We played video games and enjoyed a beer while slowly getting ourselves presentable for the wedding. (No, I don’t usually drink in the morning). Hanging out with my friends was a great way to keep me calm. Eventually we were all dressed and looking good, happy that our rented tuxes still fit despite getting measured a few months earlier. Right before we went out the door, Triple D decided to show us how comfortable and well fitting his pants were by jumping around. He assured us that there was no way the pants would possibly rip.
With an hour before the wedding, 30 minutes by car to the venue, one of my best men had completely ripped the crotch out of his rented tuxedo pants. We surveyed the damage which one of us accurately and inelegantly described as a “pants vagina”. The place we rented the tux was completely in the wrong direction from the church. I didn’t own a sewing kit, so Triple D suggested that we should try to buy one at the nearby Shopper’s Drug Mart.

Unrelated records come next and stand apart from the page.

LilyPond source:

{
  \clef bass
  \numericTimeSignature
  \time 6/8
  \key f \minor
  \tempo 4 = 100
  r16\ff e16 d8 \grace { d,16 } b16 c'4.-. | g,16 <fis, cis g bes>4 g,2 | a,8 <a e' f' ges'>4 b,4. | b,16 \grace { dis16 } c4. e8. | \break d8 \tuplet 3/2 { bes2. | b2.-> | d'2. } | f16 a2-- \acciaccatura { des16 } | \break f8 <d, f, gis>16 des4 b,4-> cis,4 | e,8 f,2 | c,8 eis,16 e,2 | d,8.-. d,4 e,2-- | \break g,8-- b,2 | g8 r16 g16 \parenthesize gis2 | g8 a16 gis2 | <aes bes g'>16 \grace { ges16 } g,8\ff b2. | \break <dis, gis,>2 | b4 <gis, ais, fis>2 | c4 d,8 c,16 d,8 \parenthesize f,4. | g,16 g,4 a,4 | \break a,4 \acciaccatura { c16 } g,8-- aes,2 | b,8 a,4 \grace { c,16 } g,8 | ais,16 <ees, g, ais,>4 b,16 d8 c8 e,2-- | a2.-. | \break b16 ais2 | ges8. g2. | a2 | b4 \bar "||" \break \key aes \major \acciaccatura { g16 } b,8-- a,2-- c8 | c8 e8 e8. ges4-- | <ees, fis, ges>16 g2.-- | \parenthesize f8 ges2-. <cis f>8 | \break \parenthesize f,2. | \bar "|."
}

Osborne Village Shopper’s Drug mart is always very busy. Hippie circled the parking lot while Triple D ran into the store, pants ripped wide open, to find a sewing kit. By the time we finally found a parking spot he had returned with purchase in hand. We were starting to seriously run out of time, so Triple D decided to make his repairs while we drove.
For anyone who hasn’t had the “pleasure” of driving in Winnipeg, the roads are generally in terrible shape. The temperature ranges from -30 in the winter to +35 in the summer, which is not easy on the road surface. On any other day, the cracks and potholes are merely an inconvenience. For Triple D, who was trying to stitch up the pants he was wearing while jammed in the front seat of a 2 door Toyota Echo, it presented a bit more of a challenge. Hippie, being a good friend, drove as fast as possible, suddenly swerving around the biggest holes. Somehow, despite the additional difficulty, Triple D successfully repaired the giant, gaping hole in his clothing just before we arrived at the church.

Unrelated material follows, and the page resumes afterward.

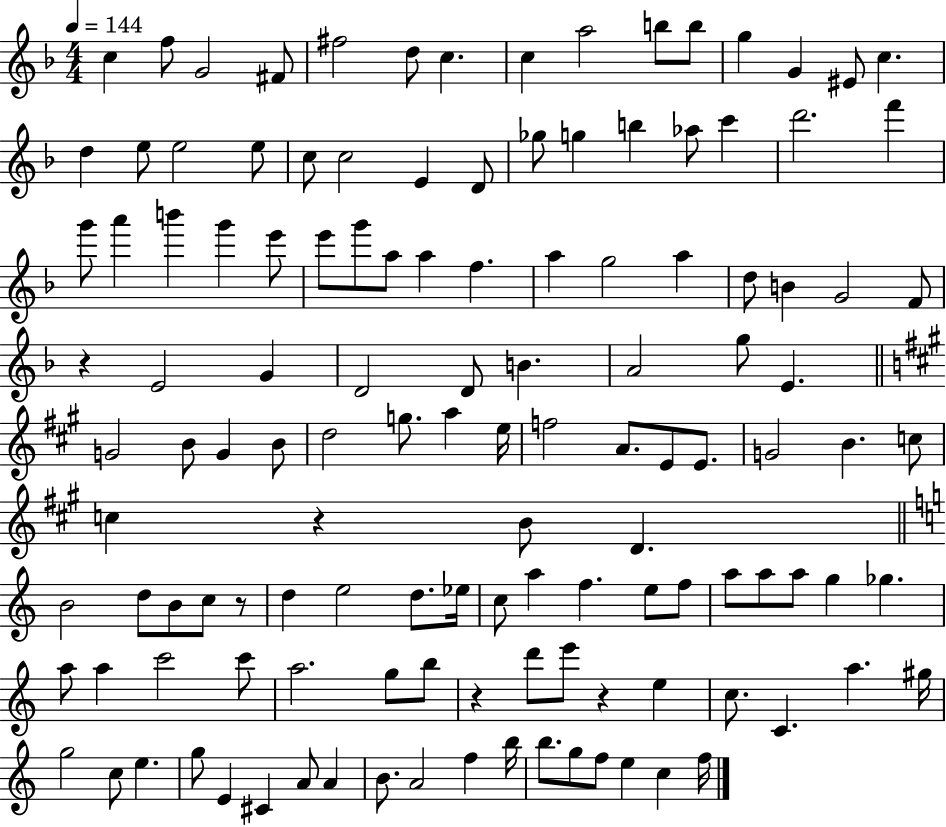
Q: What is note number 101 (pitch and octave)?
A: E5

With a few minutes remaining before the ceremony started, Hippie pulled out a small football. Inspired by the cinematic classic “The Room”, we spent our last few minutes before the ceremony throwing the football very short distances to each other while wearing tuxes. Success!

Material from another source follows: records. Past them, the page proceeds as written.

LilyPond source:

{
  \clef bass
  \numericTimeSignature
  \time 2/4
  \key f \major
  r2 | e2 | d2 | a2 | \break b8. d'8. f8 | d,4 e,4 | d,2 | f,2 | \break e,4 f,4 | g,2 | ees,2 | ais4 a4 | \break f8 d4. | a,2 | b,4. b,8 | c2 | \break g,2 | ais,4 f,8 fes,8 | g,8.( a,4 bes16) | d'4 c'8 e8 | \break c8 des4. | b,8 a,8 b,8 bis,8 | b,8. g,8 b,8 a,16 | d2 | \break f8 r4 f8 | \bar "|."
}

Posted in Life in Canada on August 29, 2018
This morning, the day of my wedding, I suddenly woke up at 6:30 am with a panicked thought: “what are my in-laws doing about breakfast?”.
This is unusual for two reasons: I don’t usually wake up before 7, and I rarely consider the breakfast choices of my in-laws. However, somewhere in my subconscious my brain realized that The Penpal’s parents (who don’t speak any English) had moved from a hotel with a breakfast buffet to a hotel where you needed to order breakfast from an English only menu.
I woke up The Penpal and she tried unsuccessfully to call her parents’ hotel room while I got dressed. I knew that my in-laws were early risers, so I assumed they would be trying to eat soon. Since we couldn’t get a hold of them on the phone, I decided to go to the hotel.
I rushed out to the car trying to wake up the Japanese speaking part of my brain when I noticed that I was unable to open the driver’s side door with my key. Waking up early without coffee, it took me a minute to notice that the lock had been damaged by an unsuccessful break-in attempt. I added “police report” to my already brimming mental to-do list and went in through the passenger door.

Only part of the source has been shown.